Light
I realize that light chases out darkness and exposes what was hidden. I love light because I can see much better. I don’t have cat eyes, so I need light to see in the dark. I also don’t always like what is hidden in the dark. Paul is really challenging the church at Corinth about how they should be regarded. He pulls off the gloves a bit and really lays it out. Check this out…
1This, then, is how you ought to regard us: as servants of Christ and as those entrusted with the mysteries God has revealed. 2 Now it is required that those who have been given a trust must prove faithful. 3 I care very little if I am judged by you or by any human court; indeed, I do not even judge myself. 4 My conscience is clear, but that does not make me innocent. It is the Lord who judges me. 5 Therefore judge nothing before the appointed time; wait until the Lord comes.

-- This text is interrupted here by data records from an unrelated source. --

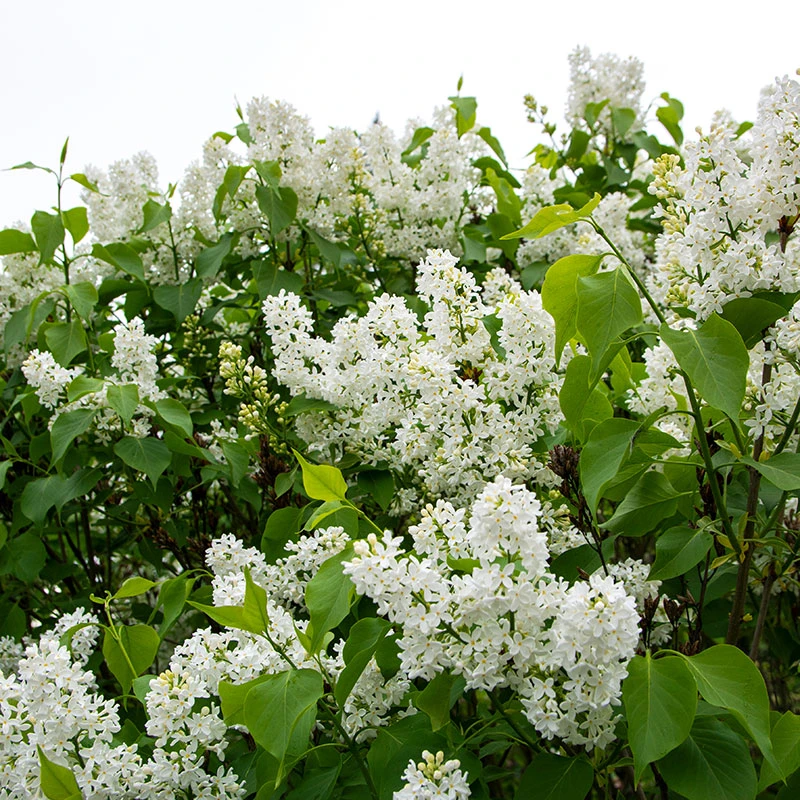 Vit Syren 20-pack 3 Vit Syren 20-pack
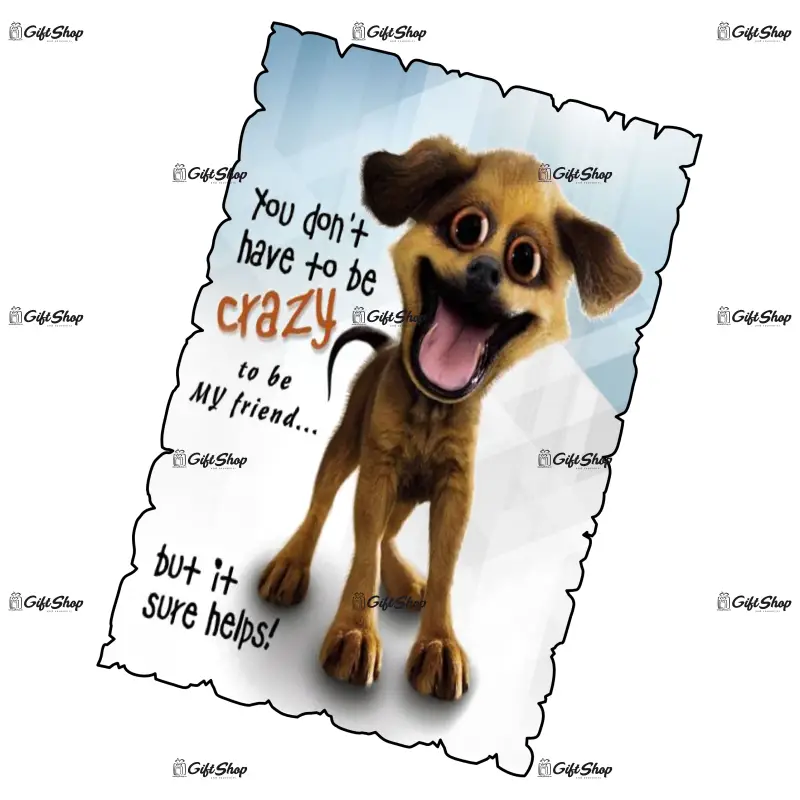 Mgs073-magnet frigider-you don t have to becrazy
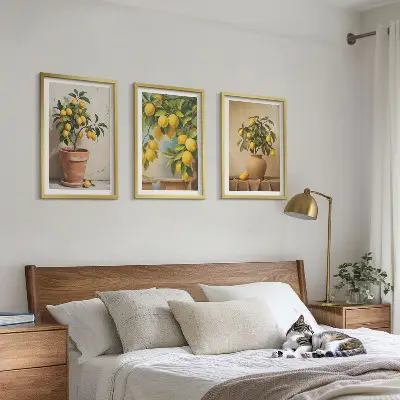Stabla limuna u loncu i vazi set od 3 slike u okviru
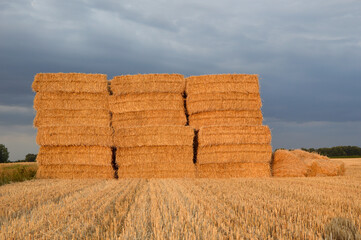 square shaped straw bales in sunlight in harvested wheat field with stormy sky in the background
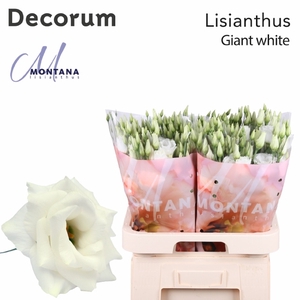 Eust Arena Giant White Montana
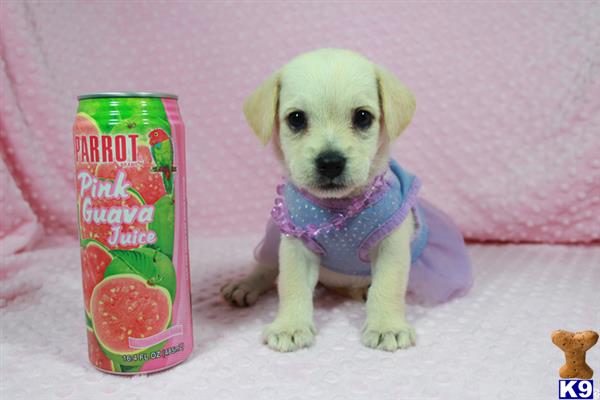 lvpuppyheaven Picture 2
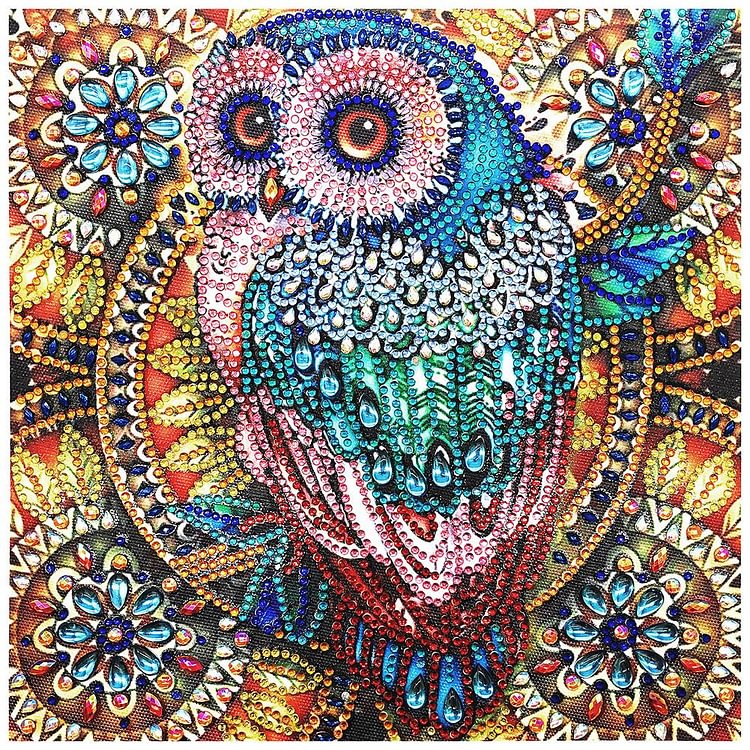 Owl - Special Shaped Diamond Painting - 30*30CM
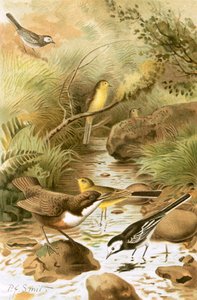 Dipper, Pied Viptail og Gul Viptail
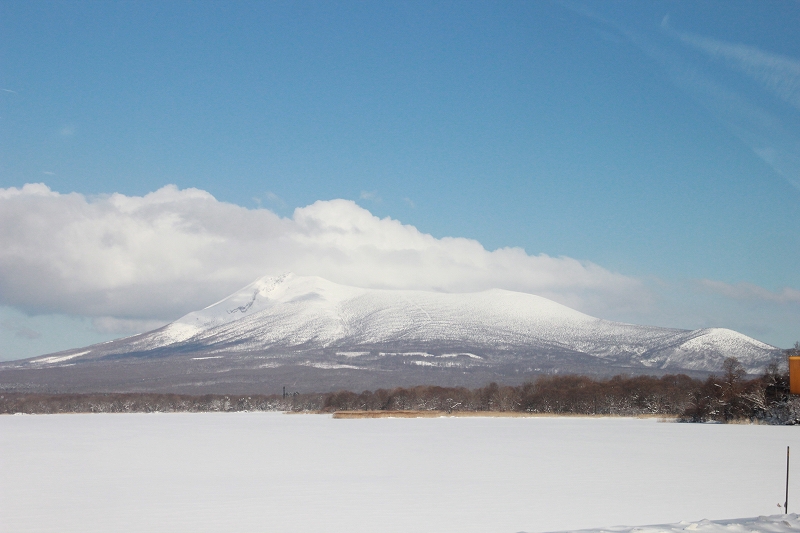 b0250154_1729387.jpg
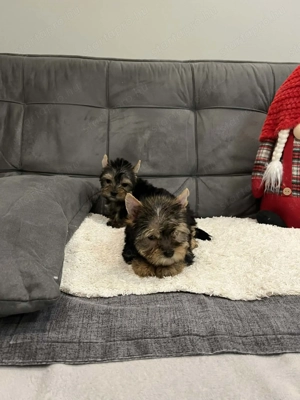 Yorkhsire terrier kiskutyák - kép 2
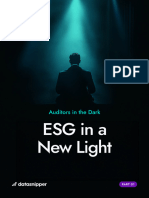 Auditors in A The Dark - ESG in A New Light PT 1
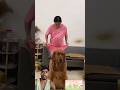 Mom And Dog Masti 萌宠出道计划 记录真实生活 夫妻 Funny Goldenretreivers Dog Animals Mom And Dog Masti 萌宠出道计划 记录真实生活 夫妻 Funny Goldenretreivers Dog Animals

He will bring to light what is hidden in darkness and will expose the motives of the heart. At that time each will receive their praise from God. (1 Corinthians 4:1-5 NIV)

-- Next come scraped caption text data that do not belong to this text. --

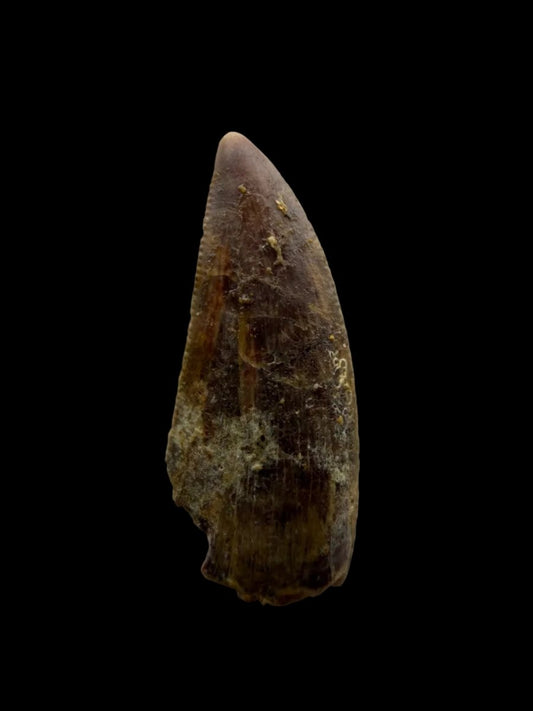 Kryptops palaios Fossil Dinosaur Tooth from Cretaceous, Niger (0.92") - FossilsAndMore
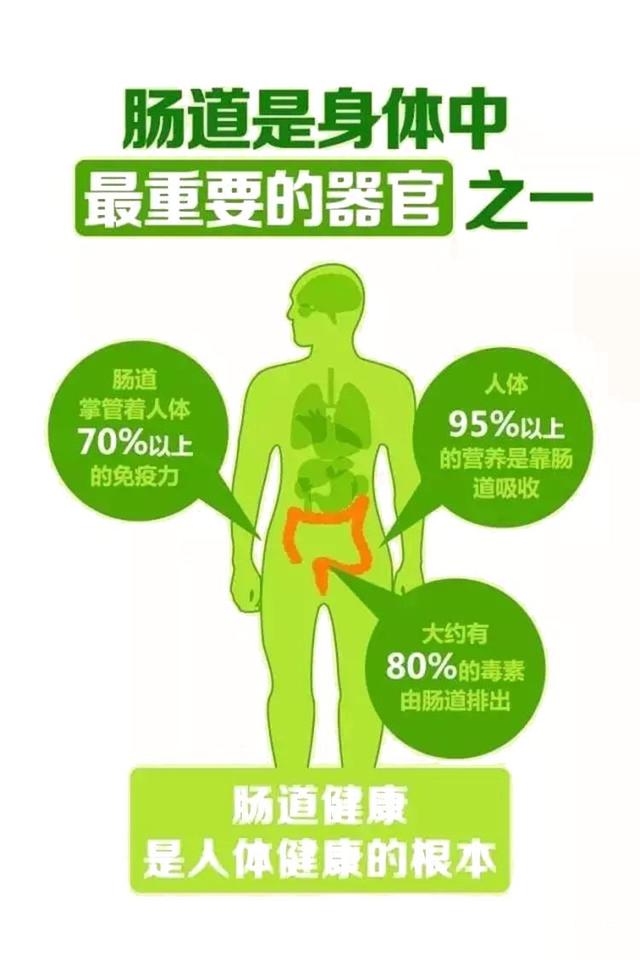 腸道保養，還得選“臻緣健康”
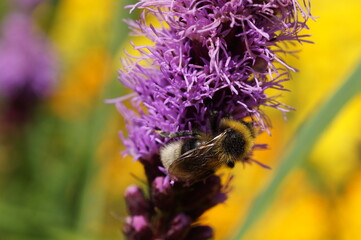 bee on a flower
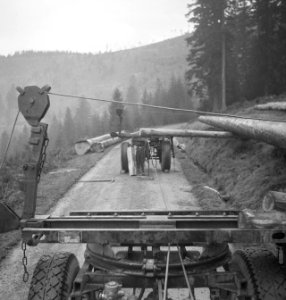Bosbewerking, arbeiders, vrachtwagens, boomstammen, Bestanddeelnr 251-9007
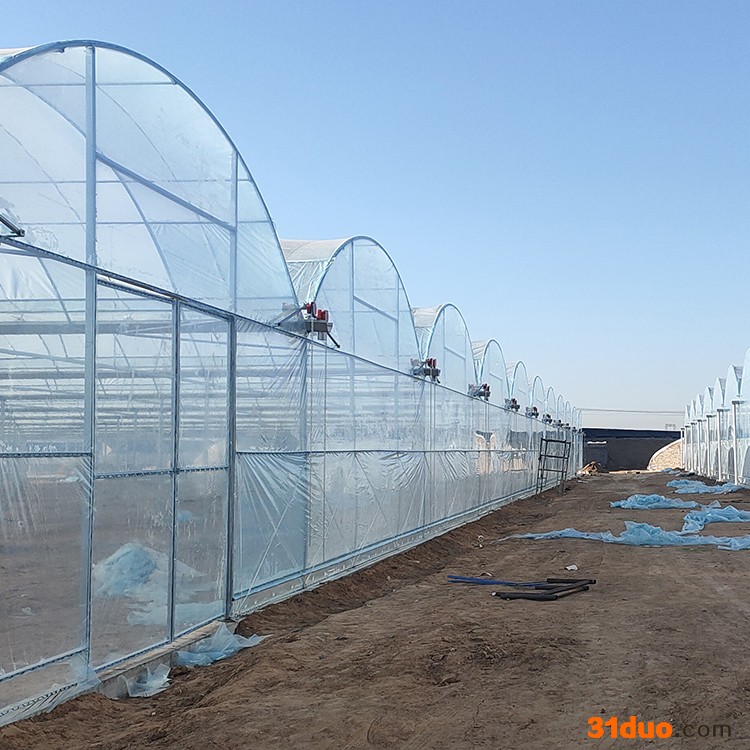 鑫宝金2 连栋薄膜温室 薄膜大棚 花卉温室 羊肚菌大棚 黑木耳大棚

The Lord’s judgment is something that I used to fear a lot. I grew up learning truth so intensely that grace was pushed to the side. I was in constant fear because according to the truth, I’m in trouble. I can’t stay pure and holy, as He wants me to be. When I first read this passage this morning, the part that pushed on me is the part that “He will bring to light what is hidden in darkness”. This means exposure to the secrets and motives of my heart. I really try to guard my heart and protect it, but I’m often failing miserably at this. I also loved the part where Paul says, “my conscience is clear, but that doesn’t make me innocent.” Without Grace, I’m straight up guilty, but with Grace, I’m innocent. I’m so thankful for the cross and the Grace that Jesus delivered. I’m no longer afraid of the light exposing my sin, the light will expose a heart devoted to the Lord!